Description of the task: Within the listing below, give again exactly the lines between the one containing "Rina Onuki 飾演 Sae Ganaha / Kamen Rider Lopo" and the one containing "J S Donuts |", inclusive, pictures left aside.

Data for this task:

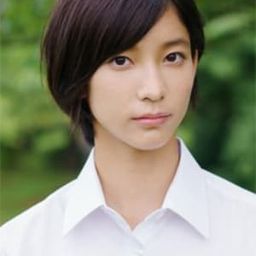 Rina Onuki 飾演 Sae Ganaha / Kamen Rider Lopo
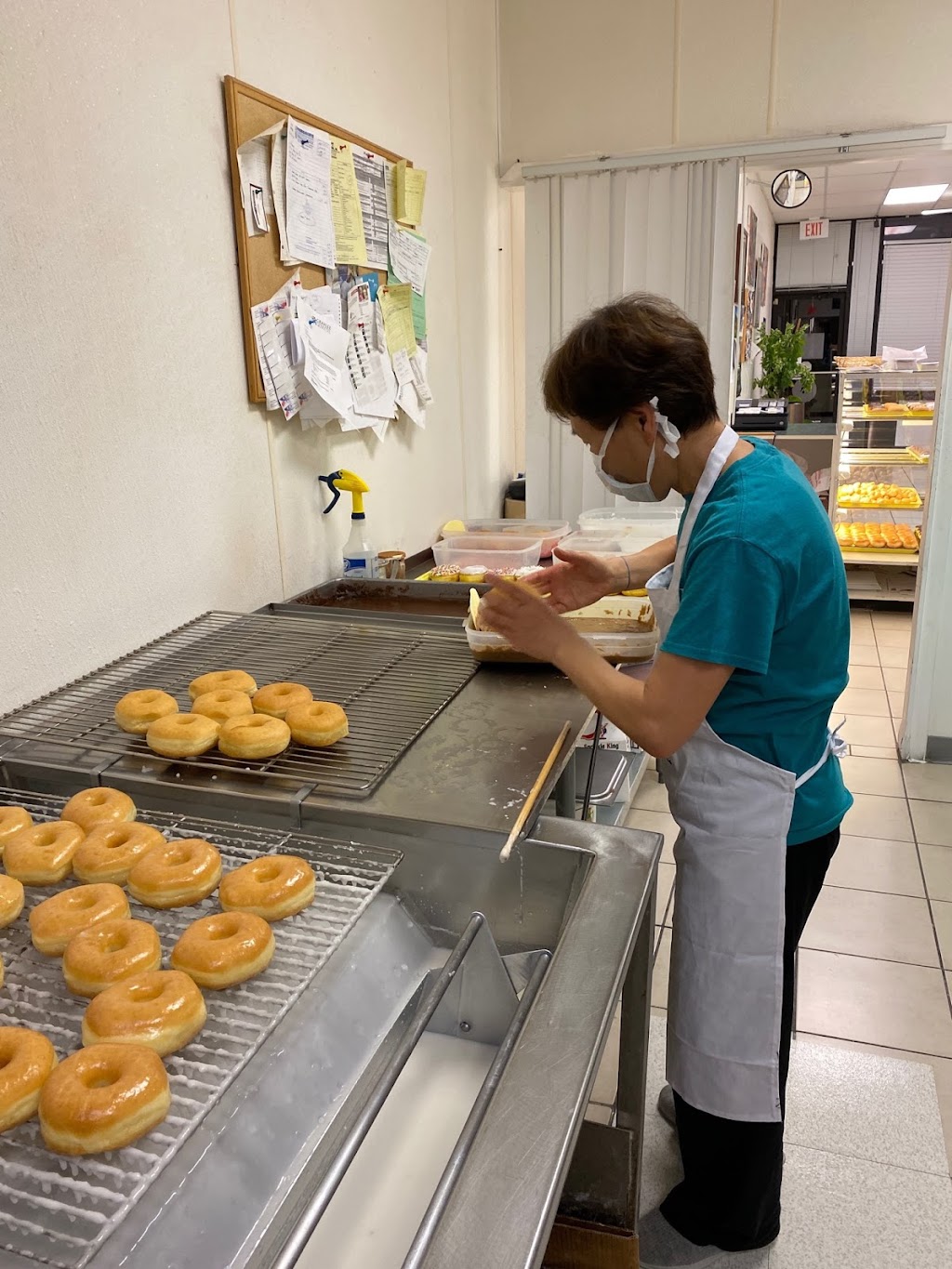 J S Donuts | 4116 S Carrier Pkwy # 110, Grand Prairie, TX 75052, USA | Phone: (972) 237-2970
---
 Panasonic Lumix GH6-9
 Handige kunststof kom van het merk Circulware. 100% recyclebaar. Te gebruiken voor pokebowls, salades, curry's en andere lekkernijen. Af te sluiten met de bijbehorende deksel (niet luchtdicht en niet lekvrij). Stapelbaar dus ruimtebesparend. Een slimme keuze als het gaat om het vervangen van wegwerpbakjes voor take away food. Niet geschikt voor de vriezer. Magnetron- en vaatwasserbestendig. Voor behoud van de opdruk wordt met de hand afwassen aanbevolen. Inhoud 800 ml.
==
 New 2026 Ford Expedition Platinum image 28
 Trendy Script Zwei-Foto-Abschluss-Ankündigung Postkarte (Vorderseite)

Solution for this exercise:
 Rina Onuki 飾演 Sae Ganaha / Kamen Rider Lopo
 J S Donuts | 4116 S Carrier Pkwy # 110, Grand Prairie, TX 75052, USA | Phone: (972) 237-2970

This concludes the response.